Morning Brew: Toronto Fire Department's call response time is lower than North American standard, soft balls are back at Earl Beatty, take a look inside Toronto's Facebook offices, and Occupy Toronto group kicked out of new digs
This isn't good: The Toronto Fire Department's call response time is two minutes slower than the North American standard, according to a previously secret report that was released by order of the Star. It takes Toronto Fire Services eight minutes to attend to a call; the standard is six. The only part of the dispatch process that is 'up to speed' is the firefighters' speed through the city's streets. Just think of the fallout if Fire Services are actually cut...
The balls are back. Well, at least some of them are. Following a parent-teacher meeting last night at Earl Beatty Public School, the school has decided to allow soft sports equipment back into the schoolyard, including basketballs, tennis balls, and, yes, even Nerf balls (who plays with those things anymore?). No word about the hard balls making a comeback though.
A group of Occupy Toronto protesters who had set up a new camp in the basement of a commercial building on Queen Street West has been booted out of their new digs by the city. Mind you, the group was squatting, but at least they had requested a 36-month lease at 99 cents a year. Anyway, they're looking for a new place to squat/occupy now.

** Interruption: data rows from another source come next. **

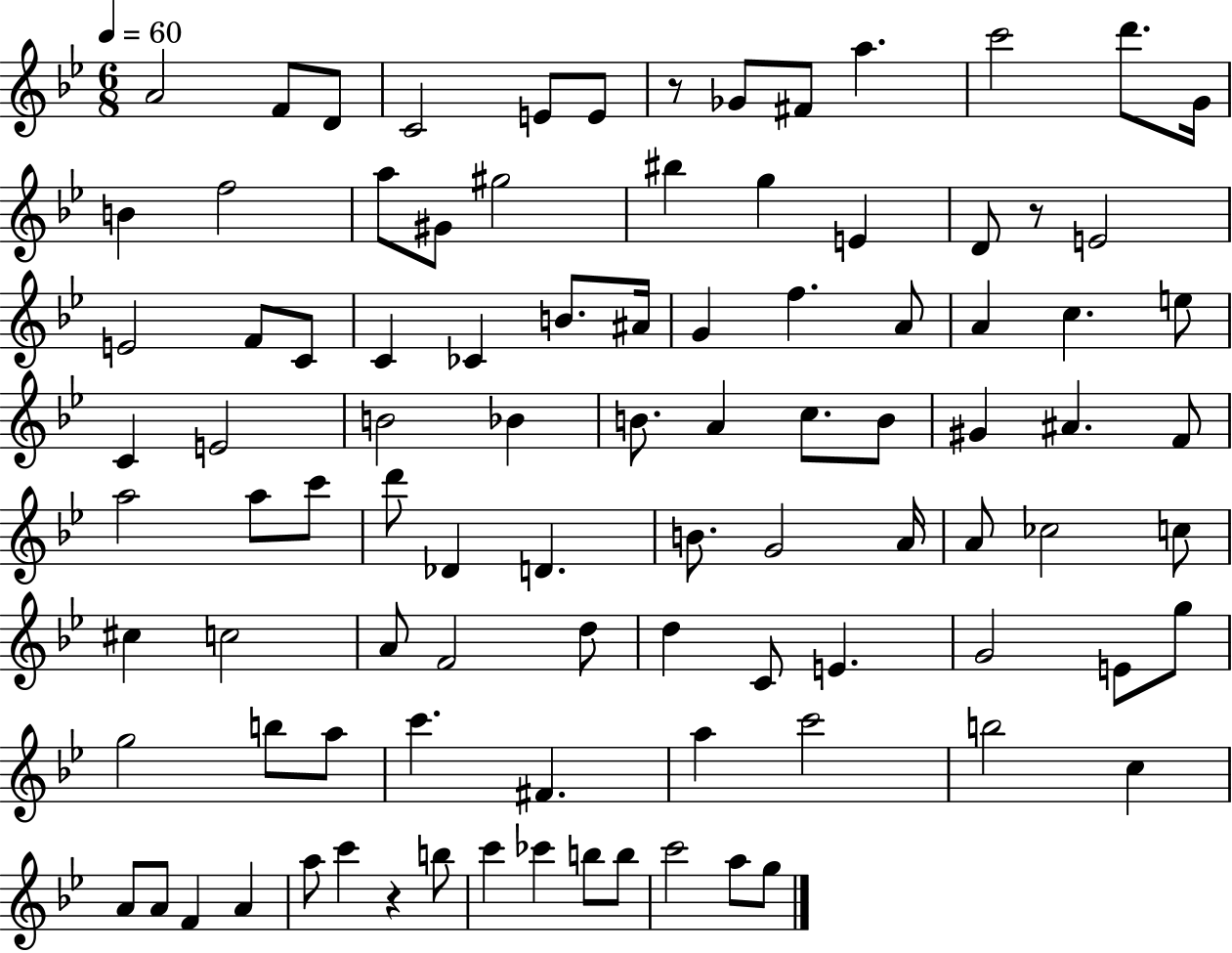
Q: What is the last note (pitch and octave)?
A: G5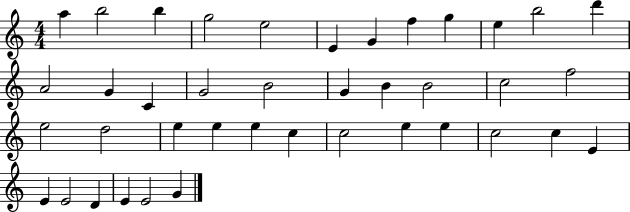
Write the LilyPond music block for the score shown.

{
  \clef treble
  \numericTimeSignature
  \time 4/4
  \key c \major
  a''4 b''2 b''4 | g''2 e''2 | e'4 g'4 f''4 g''4 | e''4 b''2 d'''4 | \break a'2 g'4 c'4 | g'2 b'2 | g'4 b'4 b'2 | c''2 f''2 | \break e''2 d''2 | e''4 e''4 e''4 c''4 | c''2 e''4 e''4 | c''2 c''4 e'4 | \break e'4 e'2 d'4 | e'4 e'2 g'4 | \bar "|."
}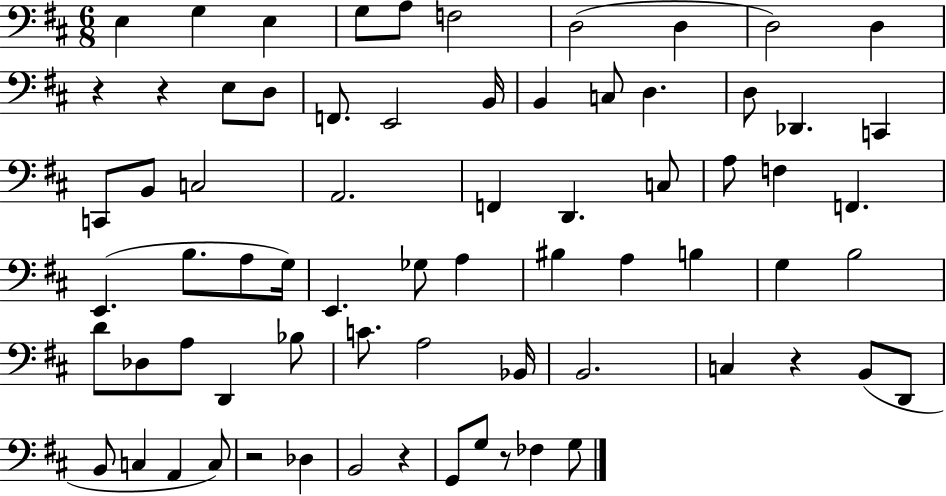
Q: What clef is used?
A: bass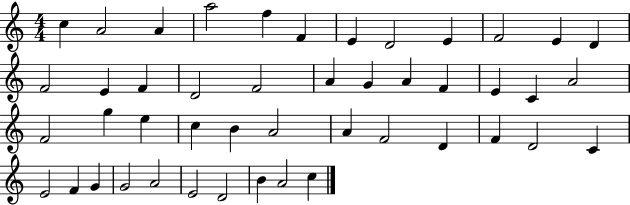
C5/q A4/h A4/q A5/h F5/q F4/q E4/q D4/h E4/q F4/h E4/q D4/q F4/h E4/q F4/q D4/h F4/h A4/q G4/q A4/q F4/q E4/q C4/q A4/h F4/h G5/q E5/q C5/q B4/q A4/h A4/q F4/h D4/q F4/q D4/h C4/q E4/h F4/q G4/q G4/h A4/h E4/h D4/h B4/q A4/h C5/q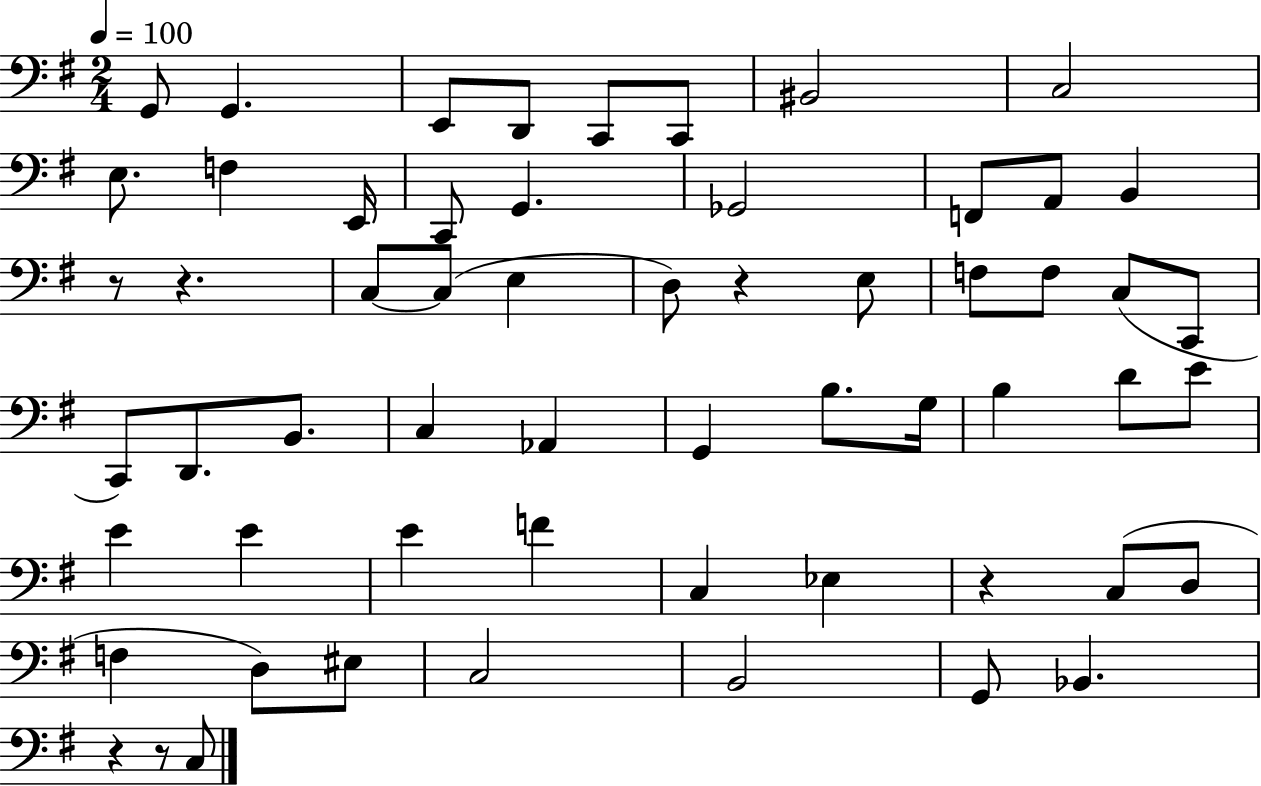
{
  \clef bass
  \numericTimeSignature
  \time 2/4
  \key g \major
  \tempo 4 = 100
  g,8 g,4. | e,8 d,8 c,8 c,8 | bis,2 | c2 | \break e8. f4 e,16 | c,8 g,4. | ges,2 | f,8 a,8 b,4 | \break r8 r4. | c8~~ c8( e4 | d8) r4 e8 | f8 f8 c8( c,8 | \break c,8) d,8. b,8. | c4 aes,4 | g,4 b8. g16 | b4 d'8 e'8 | \break e'4 e'4 | e'4 f'4 | c4 ees4 | r4 c8( d8 | \break f4 d8) eis8 | c2 | b,2 | g,8 bes,4. | \break r4 r8 c8 | \bar "|."
}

Get a glimpse of the Toronto Facebook offices with this video of their "hackathon" that brought programmers together for an overnight session of creating new apps for charity. (Who knew we had a Facebook office?)
How does Toronto bury its nameless? Well, provided the corpse isn't suspected of being involved with foul play (which would allow the police to keep it in the morgue), the body is treated to a respectable, but small, funeral service that is appropriate to the deceased's religion and culture and then they are buried â just in case next of kin shows up years later. And of course this is all paid by the city.